DKPro WSD provides UIMA components which encapsulate corpus readers, linguistic annotators, lexical semantic resources, WSD algorithms, and evaluation and reporting tools. You configure the components, or write new ones, and arrange them into a data processing pipeline. DKPro WSD is modular and flexible. Components which provide the same functionality can be freely swapped. You can easily run the same algorithm on different data sets, or test several different algorithms on the same data set.

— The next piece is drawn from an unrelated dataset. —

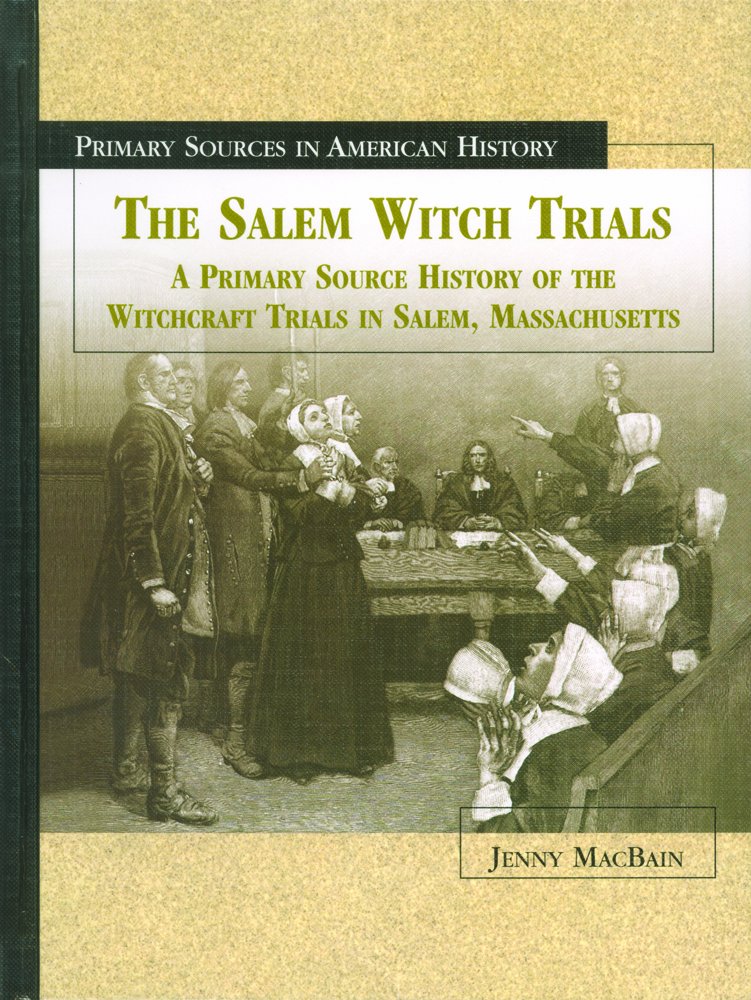 The Salem Witch Trials: A Primary Source History of the Witchcraft Trials in Salem, Massachusetts (Primary Sources in American H,Used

|Tags||NLP computational linguistics word sense disambiguation WSD|
|Licenses||GPLv3 Apache 2.0|
|Operating Systems||Java Runtime Environment 6|
|Implementation||Java 6+ UIMA|
Release Notes: Evaluators now permit chaining of backoff algorithms. There are now annotators that allow for disambiguating the complete text collectively. There is now a weighted MFS baseline. The sense cluster evaluator now computes McNemar's test. The sense cluster evaluator now handles the case where there are multiple gold-standard senses, and includes undisambiguated instances in the confusion matrix. Bugs were fixed.
Release Notes: New features include support for the IMS disambiguator, a new sense inventory wrapping the GermaNet Java API, and a new wrapper module for easy disambiguation of text strings. The WebCAGe reader now works with the official release of WebCAGe. The SemCor reader optionally writes Token, Lemma, and POS annotations. Readers of XML-based data sets can now optionally ignore the DTD. The cluster evaluator's output is more verbose and informative. There are also a few bugfixes and API changes.
Release Notes: Upgraded to DKPro Core 1.5.0, uimaFIT 2.0.0, UBY 0.4.0, and TWSI 1.0.1. Adds a module for word sense induction. Moves Wikipedia-specific graph algorithms to a separate module.
Release Notes: This is the initial public release.